1. Gadalla AAH, Friberg IM, Kift-Morgan A, Zhang J, Eberl M, Topley N, et al. Identification of clinical and urine biomarkers for uncomplicated urinary tract infection using machine learning algorithms. Sci Rep-uk. 2019;9(1):19694. doi:10.1038/s41598-019-55523-x
2. Tyagi P, Tyagi V, Qu X, Chuang YC, Kuo HC, Chancellor M. Elevated CXC chemokines in urine noninvasively discriminate OAB from UTI. Am J Physiol-renal. 2016;311(3):F548-F554. doi:10.1152/ajprenal.00213.2016
3. Steigedal M, Marstad A, Haug M, Damås JK, Strong RK, Roberts PL, et al. Lipocalin 2 Imparts Selective Pressure on Bacterial Growth in the Bladder and Is Elevated in Women with Urinary Tract Infection. J Immunol. 2014;193(12):6081-6089. doi:10.4049/jimmunol.1401528

Urine WBC is the one that is helpful and almost always investigated in UTI patients, this data might improve and provide more relevant data for clinicians.

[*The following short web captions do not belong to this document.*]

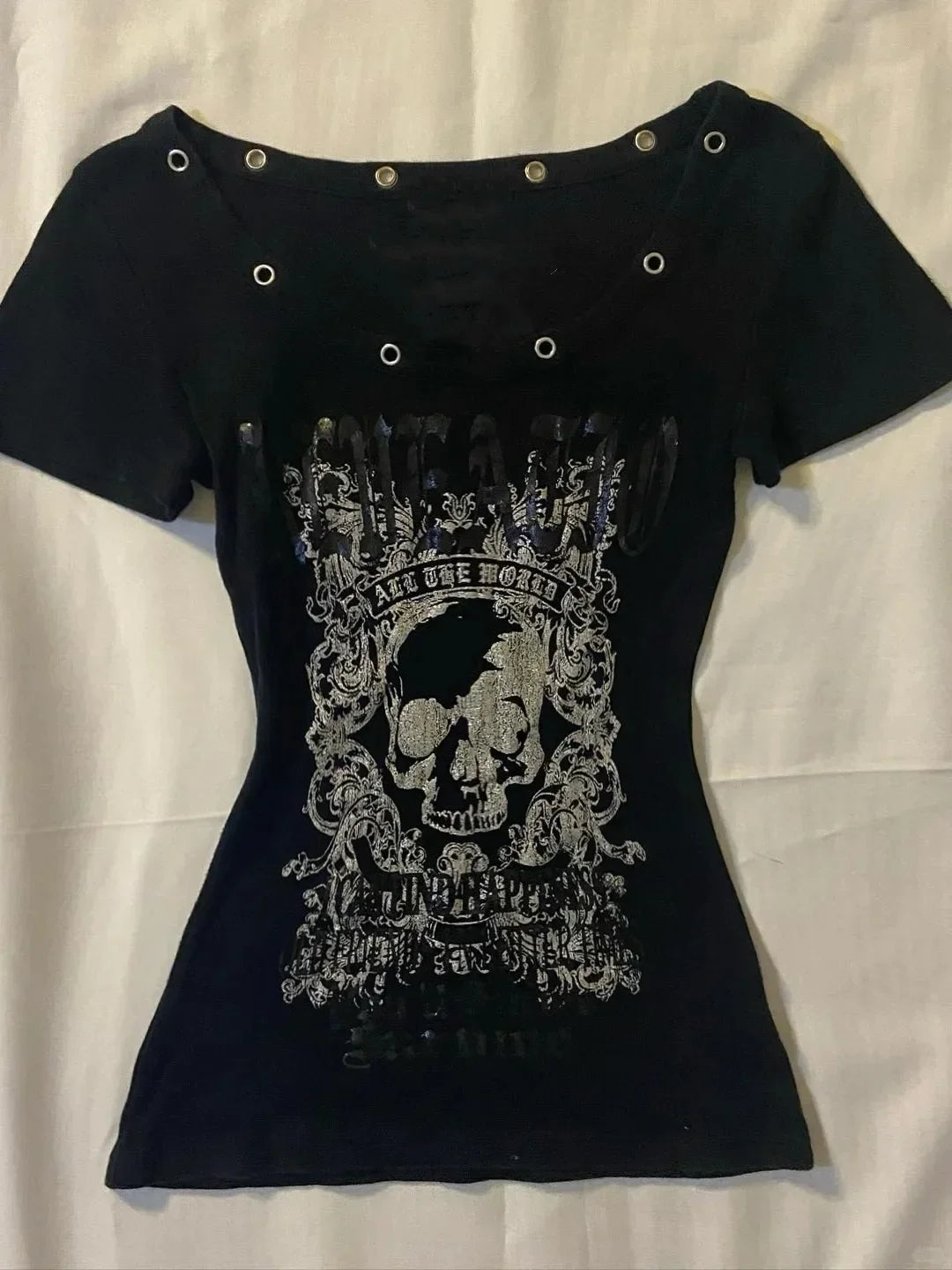 Y2K Kleidung T-Shirts Buchstaben Gothic Damen Y2K Crop Top Sexy Slim Shirt Punk Totenkopf Grafik Tees Sweet Harajuku Korea Girl Punk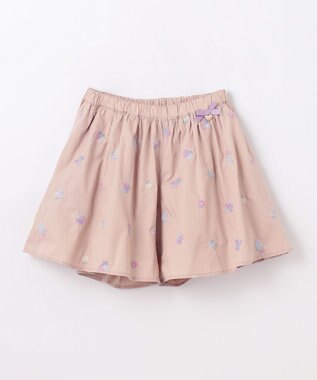 ANY KIDS フラワー 刺繍 キュロット ベージュ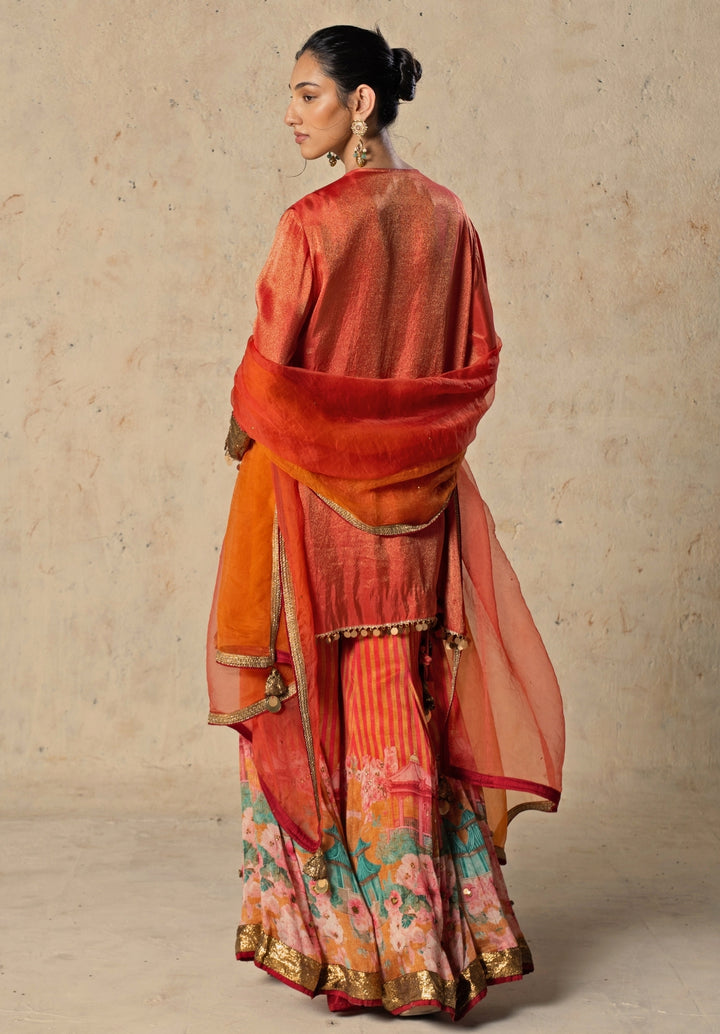 Orange Printed Chiffon Kurta Sharara Set
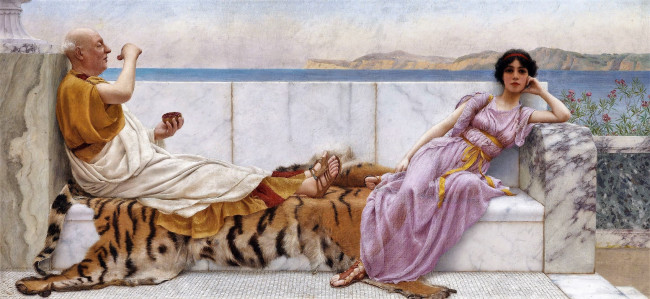 Обои картинки фото рисованное, john william godward, старик, девушка, скамья, шкура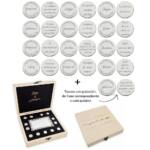 ARRAS PERSONALIZADAS PALABRA + FRASE · PLATA DE LEY + ESTUCHE MADERA + BANDEJA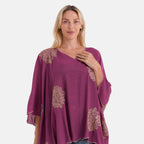 La Marey Sequins Embroidery Poncho Top (One Size) - Purple_8481518_4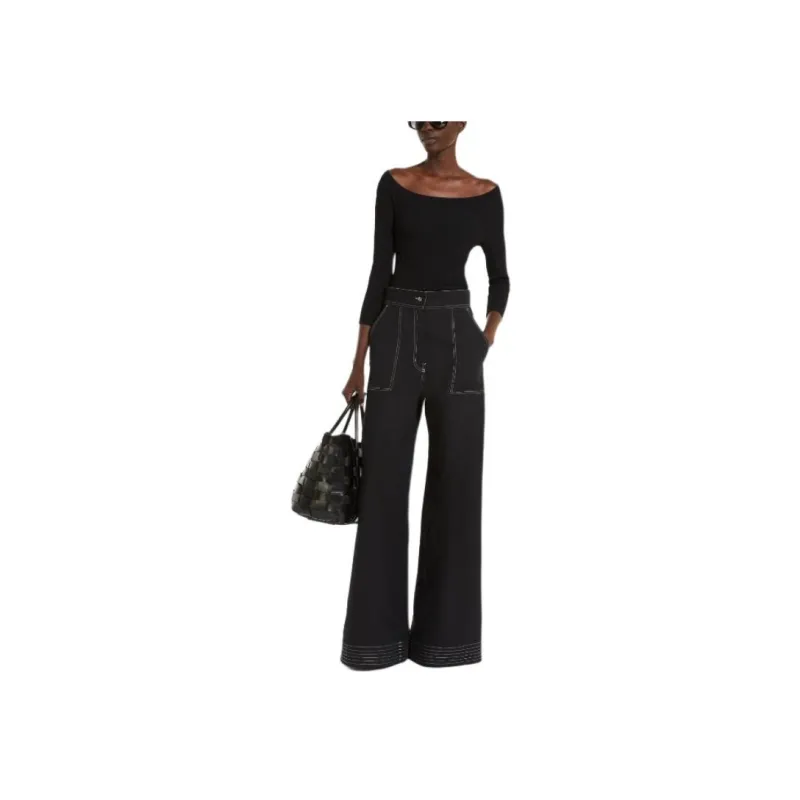 MaxMara Cotton And Linen Wide Trousers Jeans Women's Black-1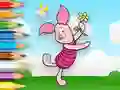 Jwèt Coloring Book: Piglet Holds Toy Windmill sou entènèt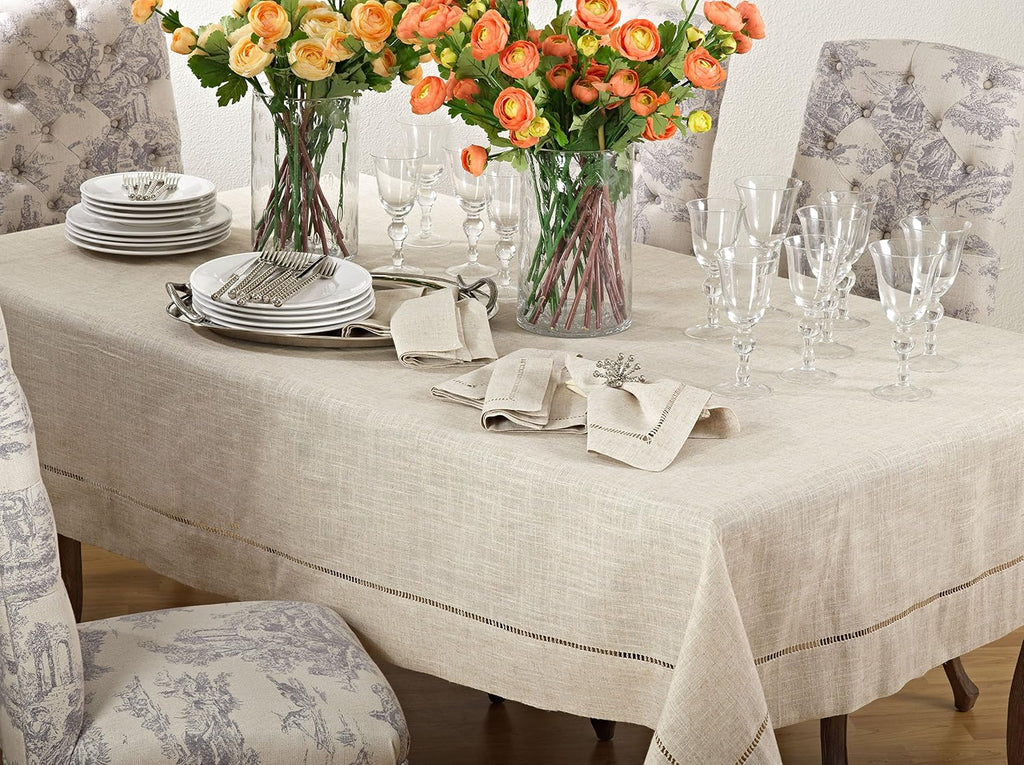 Poly and Linen Blend Toscana Tablecloth with Hemstitch Border, Natural, 65"x104"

Response: Thank you for your suggestion. Indeed, leukocyte esterase (LE) dipstick analysis, a proxy for white blood cells, is often employed in clinics as part of the diagnostic workup for UTI. However, the specificity is generally low (specificity range is 9-59%, PPV is 86% and NPV is 72%.). The LE dipstick analysis is generally performed in a provider’s office before the clinician chooses to send a specimen for microbial identification. Our aim was to compare the performance of two microbial identification tests (SUC and M-PCR) which can be ordered at the clinician’s discretion, usually after an in-office LE dipstick test, to provide additional data on which to base treatment decisions.

References:

Horváth, J.; Wullt, B.; Naber, K.G.; Köves, B. Biomarkers in Urinary Tract Infections – Which Ones Are Suitable for Diagnostics and Follow-Up? Gms Infect Dis 8, Doc24, doi:10.3205/id000068.

Gadalla, A.A.H.; Friberg, I.M.; Kift-Morgan, A.; Zhang, J.; Eberl, M.; Topley, N.; Weeks, I.; Cuff, S.; Wootton, M.; Gal, M.; et al. Identification of Clinical and Urine Biomarkers for Uncomplicated Urinary Tract Infection Using Machine Learning Algorithms. Sci Rep-uk 2019, 9, 19694, doi:10.1038/s41598-019-55523-x.

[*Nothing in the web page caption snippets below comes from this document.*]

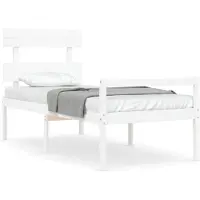vidaXL Lit pour senior avec tête de lit blanc en bois massif
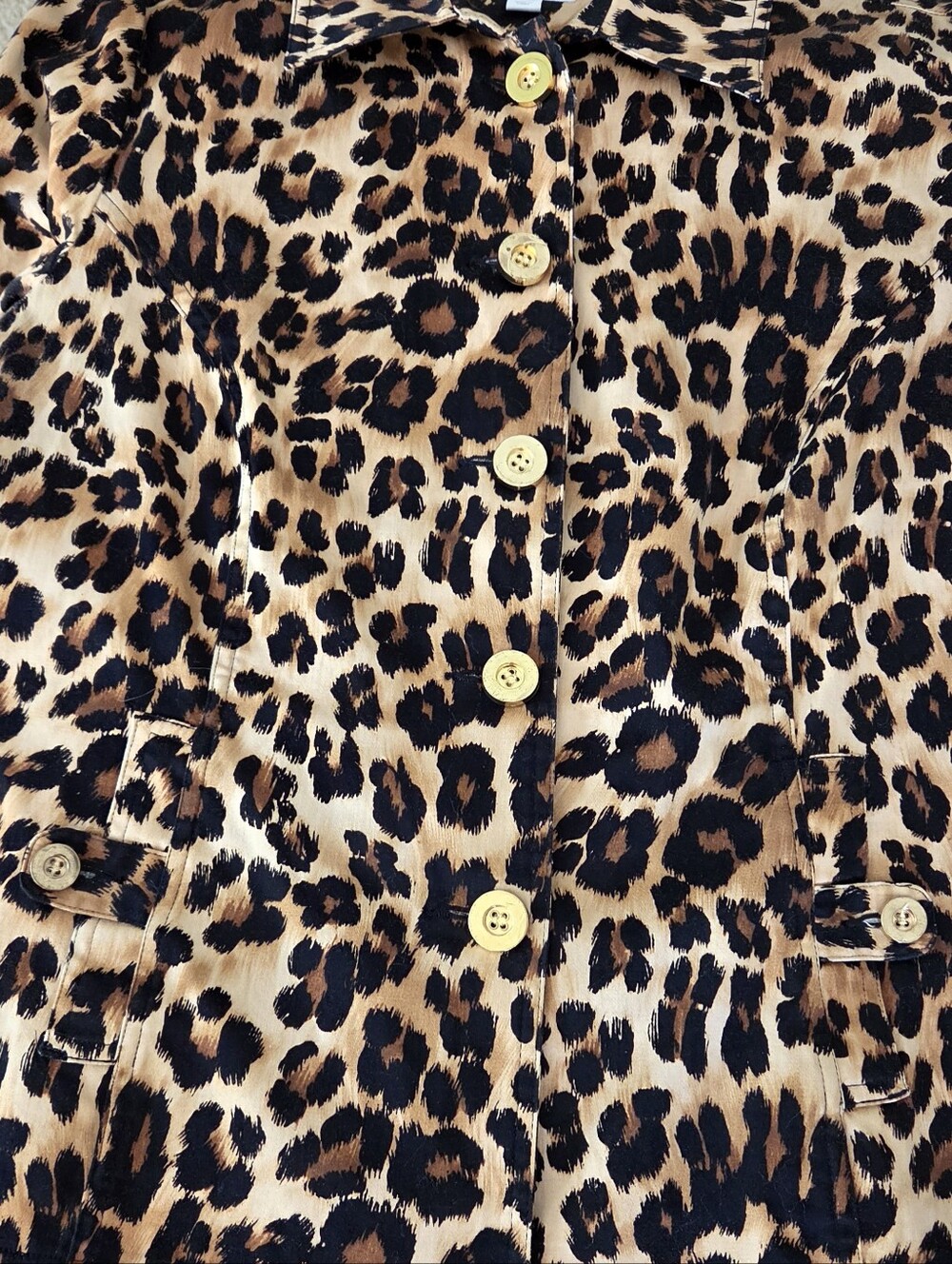 Charter Club Leopard Print Button Up Blazer Jacket Womens L Large Lightweight - Picture 6 of 6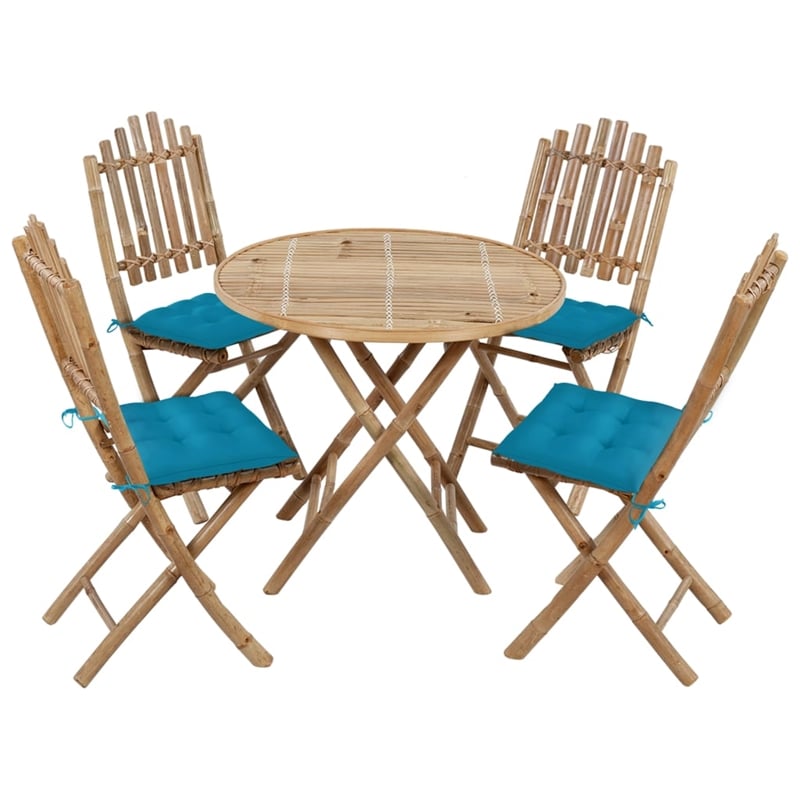 vidaXL Patio Dining Set Light Blue Bamboo/Polyester Foldable - Set of 4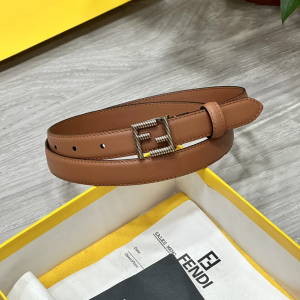 Fendi FF Buckle Leather Belt Brown 20MM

Shaikh, N.; Martin, J.M.; Hoberman, A.; Skae, M.; Milkovich, L.; McElheny, C.; Hickey, R.W.; Gabriel, L.V.; Kearney, D.H.; Majd, M.; et al. Biomarkers That Differentiate False Positive Urinalyses from True Urinary Tract Infection. Pediatr Nephrol 2020, 35, 321–329, doi:10.1007/s00467-019-04403-7.

Schmiemann, G.; Kniehl, E.; Gebhardt, K.; Matejczyk, M.M.; Hummers-Pradier, E. The Diagnosis of Uri-nary Tract Infection. Deutsches Ärzteblatt Int 2010, 107, 361–367, doi:10.3238/arztebl.2010.0361.

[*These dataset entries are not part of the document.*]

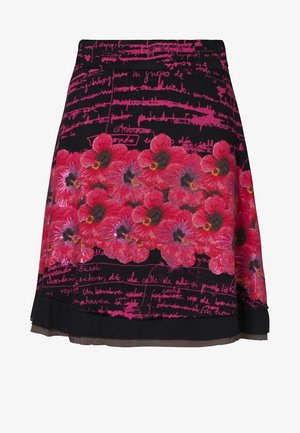 Blumiger Rock mit einem lebendigen pinken Blumenmuster auf schwarzem Hintergrund und handschriftlichen Textakzenten. A-Linie mit einem leicht durchsichtigen Saum.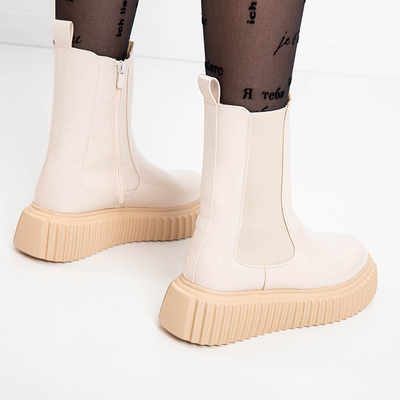 Cizme Monka din piele de culoare bej bej - Încălțăminte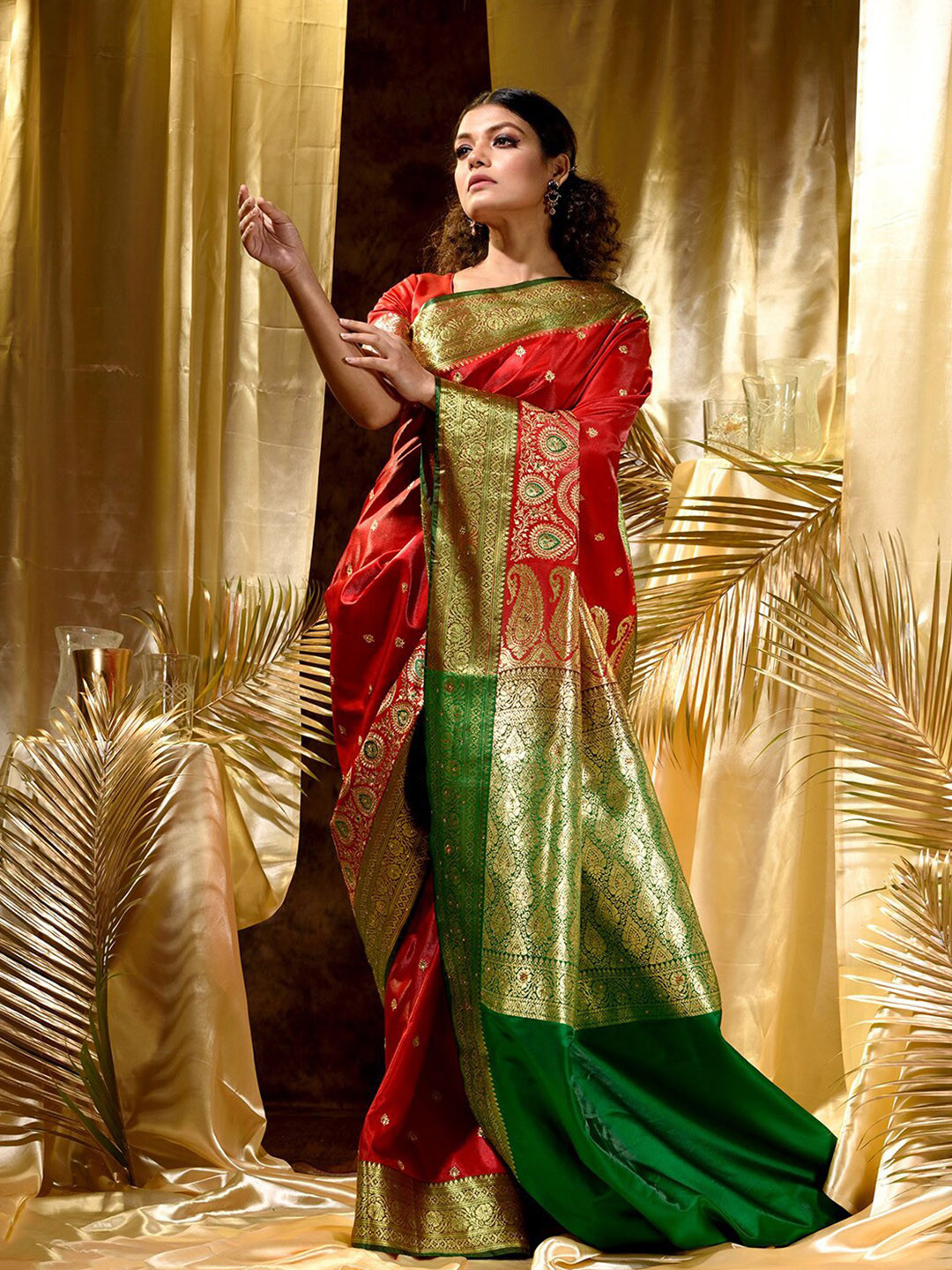 Brown Ethnic Motifs Zari Satin Banarasi Saree main image 1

3. The research question that symptomatic complicated UTI was very good. However, the author discussed about couldn't differentiate between the patients, and symptoms. Fever might help for subgroups of Upper UTI and could have some more data to analyze.

Response: Thank you for your recommendation. A limitation of our use of biobanked urine specimens for this study is that we did not have access to specific symptom information (such as the presence of fever) for analysis. Further analyses in this area using data from upcoming clinical studies is a future direction we aim to pursue.

4. The authors discussed of a large sample size is needed for further research. However, without sample size calculation addressed, could not be expected how large is large enough.

Response: We appreciate your feedback. Yes, we described in our discussion section that future studies could build upon the findings of the current study by assessing the biomarker levels across different species or combinations of species. The sample size needed for future studies of any specific microbial species will depend on the prevalence/positive rate of the microbial species in the target population as well as the goals of the specific future study.

 

Author Response File: Author Response.docx

Round 2

Reviewer 1 Report

The responses are convenient.

Reviewer 2 Report

The authors have addressed my queries and now the manuscript is acceptable for publication.